(Records from a data source)
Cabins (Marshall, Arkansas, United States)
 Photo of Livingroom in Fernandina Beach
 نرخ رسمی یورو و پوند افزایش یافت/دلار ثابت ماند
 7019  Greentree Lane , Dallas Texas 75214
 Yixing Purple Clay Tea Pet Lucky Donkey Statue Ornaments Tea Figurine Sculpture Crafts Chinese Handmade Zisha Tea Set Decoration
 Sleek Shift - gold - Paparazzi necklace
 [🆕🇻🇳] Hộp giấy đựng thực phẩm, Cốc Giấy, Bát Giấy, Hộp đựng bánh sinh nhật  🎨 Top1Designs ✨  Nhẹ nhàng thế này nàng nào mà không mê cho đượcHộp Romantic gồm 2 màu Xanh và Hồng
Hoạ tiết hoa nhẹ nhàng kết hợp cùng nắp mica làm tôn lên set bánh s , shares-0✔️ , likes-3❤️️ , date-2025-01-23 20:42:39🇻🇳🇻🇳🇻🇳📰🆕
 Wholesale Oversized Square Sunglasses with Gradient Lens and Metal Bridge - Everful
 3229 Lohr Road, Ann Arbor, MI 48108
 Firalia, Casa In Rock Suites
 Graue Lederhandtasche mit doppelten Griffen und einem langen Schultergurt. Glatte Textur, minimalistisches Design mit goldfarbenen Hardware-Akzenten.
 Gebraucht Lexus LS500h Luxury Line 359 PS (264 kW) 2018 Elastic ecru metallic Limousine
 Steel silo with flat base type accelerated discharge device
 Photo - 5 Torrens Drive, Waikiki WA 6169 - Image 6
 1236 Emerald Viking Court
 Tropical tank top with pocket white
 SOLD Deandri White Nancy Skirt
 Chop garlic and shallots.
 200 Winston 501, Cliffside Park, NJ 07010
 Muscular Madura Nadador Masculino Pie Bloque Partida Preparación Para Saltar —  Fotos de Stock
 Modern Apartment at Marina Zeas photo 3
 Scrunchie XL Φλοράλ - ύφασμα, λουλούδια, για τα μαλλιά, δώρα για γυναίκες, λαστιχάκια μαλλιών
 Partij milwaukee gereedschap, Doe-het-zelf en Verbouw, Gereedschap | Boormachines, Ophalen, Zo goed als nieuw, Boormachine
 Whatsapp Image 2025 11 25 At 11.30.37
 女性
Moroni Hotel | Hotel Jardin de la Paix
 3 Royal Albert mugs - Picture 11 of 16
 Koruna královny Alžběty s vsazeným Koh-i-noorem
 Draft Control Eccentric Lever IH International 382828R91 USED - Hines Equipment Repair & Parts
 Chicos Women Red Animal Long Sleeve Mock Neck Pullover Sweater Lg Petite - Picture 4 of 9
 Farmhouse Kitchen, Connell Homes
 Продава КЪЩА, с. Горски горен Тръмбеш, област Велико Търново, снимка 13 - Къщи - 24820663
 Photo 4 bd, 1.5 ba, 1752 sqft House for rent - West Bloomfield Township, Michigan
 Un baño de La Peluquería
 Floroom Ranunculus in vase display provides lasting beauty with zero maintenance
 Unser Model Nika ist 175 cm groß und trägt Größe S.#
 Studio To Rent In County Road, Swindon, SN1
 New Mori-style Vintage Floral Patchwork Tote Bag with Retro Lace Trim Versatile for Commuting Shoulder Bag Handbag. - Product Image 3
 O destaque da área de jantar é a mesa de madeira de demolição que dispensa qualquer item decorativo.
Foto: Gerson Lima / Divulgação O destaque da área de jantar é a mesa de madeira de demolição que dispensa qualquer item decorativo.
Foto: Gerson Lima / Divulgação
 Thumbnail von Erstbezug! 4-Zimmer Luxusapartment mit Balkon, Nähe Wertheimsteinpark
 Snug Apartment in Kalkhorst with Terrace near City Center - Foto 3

(Task to complete)
When a line among the entries contains "decorativo", pull that line out.

(Response box)
 O destaque da área de jantar é a mesa de madeira de demolição que dispensa qualquer item decorativo.
Foto: Gerson Lima / Divulgação O destaque da área de jantar é a mesa de madeira de demolição que dispensa qualquer item decorativo.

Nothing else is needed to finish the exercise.